Instruction for the entries that follow: retype exactly the lines from the line with "Polisten öğrenci velilerine" to the line with "Chain of Iron Collector's Edition", both included, and omit all others.

++++ DATA RECORDS

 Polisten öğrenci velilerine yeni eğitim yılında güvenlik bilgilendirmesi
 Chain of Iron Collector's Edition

++++++++
++++ DATA RECORDS

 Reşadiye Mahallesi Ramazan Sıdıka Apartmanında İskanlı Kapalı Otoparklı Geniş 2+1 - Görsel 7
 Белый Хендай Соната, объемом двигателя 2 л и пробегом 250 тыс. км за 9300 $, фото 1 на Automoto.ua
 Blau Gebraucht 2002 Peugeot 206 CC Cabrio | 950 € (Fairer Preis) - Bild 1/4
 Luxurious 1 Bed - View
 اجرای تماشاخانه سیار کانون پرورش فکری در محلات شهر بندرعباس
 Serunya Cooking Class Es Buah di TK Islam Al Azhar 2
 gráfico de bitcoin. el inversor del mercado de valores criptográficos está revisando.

++++++++

** RESPONSE BELOW **
 Polisten öğrenci velilerine yeni eğitim yılında güvenlik bilgilendirmesi
 Chain of Iron Collector's Edition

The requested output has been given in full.